Thoughts on using IPFS for serving static websites

I recently wrote an article about the good and bad points of serving static websites on IPFS and thought the community would be an interesting place to discuss. I won’t copy the contents here but you can read it here:

(If people are interested I’m also considering writing a tutorial for creating production-ready static sites on IPFS)

5 Likes

Good article. Thanks for sharing it here. I wonder what the guys in here will say about the issue of getting the MIME type of data without having to put a file in a directory. I don’t know of any solution, but hopefully someone can clarify if this is still true. Having to put every file in a directory to preserve it’s mime type just doesn’t seem ideal, but maybe there’s much less overhead than it seems.

2 Likes

I would love to have a mime type included. Even relying on the file-extension is hinkey. Sure, it is unlikely that a gateway doesn’t have .js map to application/javascript in the near future but it does cause an issue with less common or new file types (for example it took a while for most webservers to learn a mime type mapping for webassembly files).

In the general case if we rely on the gateways to add critical metadata to data in IPFS we are creating a compatibility issue, both in the near and long term.

I’m not too worried about the performance, but if we could inline the mime type into the data blocks it would be very cool.

1 Like

Well “file systems” themselves only have the file extension as the way to determine types (no mime types/names), so it’s not that bad, but I know what what you mean.

As long as there’s minimal overhead with everything being a directory, maybe the upside is everything’s always “appendable”. That is: you can always publish an update to a folder (using IPNS) with new files added, which would be impossible if everything was “files” instead of “folders”.

It isn’t that bad. But generally for local filesystems the application knows what type it is, or the user can select to override the choice detected by file extension+content sniffing. There are also more modern operating systems that do store the mime type explicitly and I would argue that this is a better design :slightly_smiling_face:

And when talking about HTTP gateways browsers do really care about the Content-Type header, and they don’t care at all about the extension (except for legacy content sniffing). So in this context it is actually somewhat bad.

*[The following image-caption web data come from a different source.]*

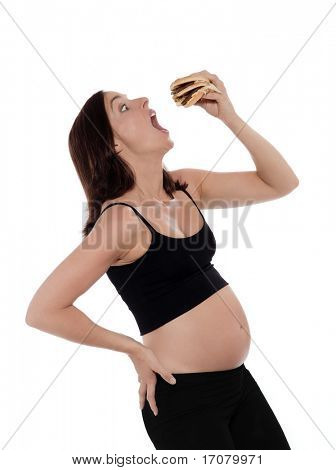 임신 백인 여자 먹는 햄버거 탐욕 고립 된 스튜디오 흰색 바탕에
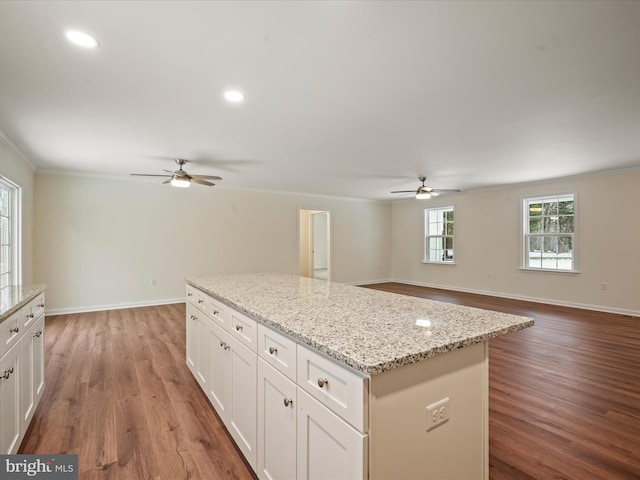 kitchen with ornamental molding, light stone countertops, hardwood / wood-style floors, and white cabinets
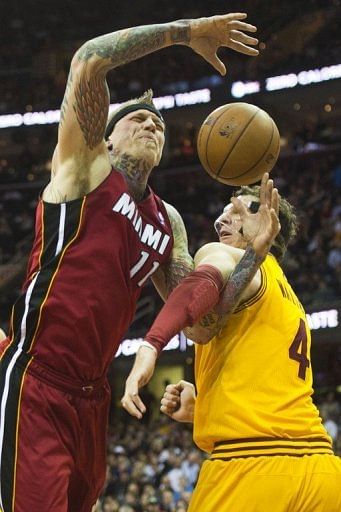 Chris Andersen (L) of the Miami Heat is fouled by Luke Walton on March 20, 2013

Now you can argue that web browsers generally know what type of content they are requesting anyways. But that road leads to legacy and security hacks that aren’t going to change any time soon. Plus there are nice benefits, such as being able to request and display an image without needing to know what type it is upfront.

I’m not too sure I see your benefit about being able to add more files. IPFS is largely built on immutable content-addressed data. You are right that with IPNS you can push “updates” but that would be more an argument for not allowing IPNS to sign directories, only files. I think that if you are signing something you plan to update sticking to a directory so that you can add more things makes sense. However for a javascript file it doesn’t really make sense to “add more”. Sure, an updated file can import other files, but the browser still only cares about the first one.

Thanks Kevin. That was a great read! Can you elaborate on what you mean by the following?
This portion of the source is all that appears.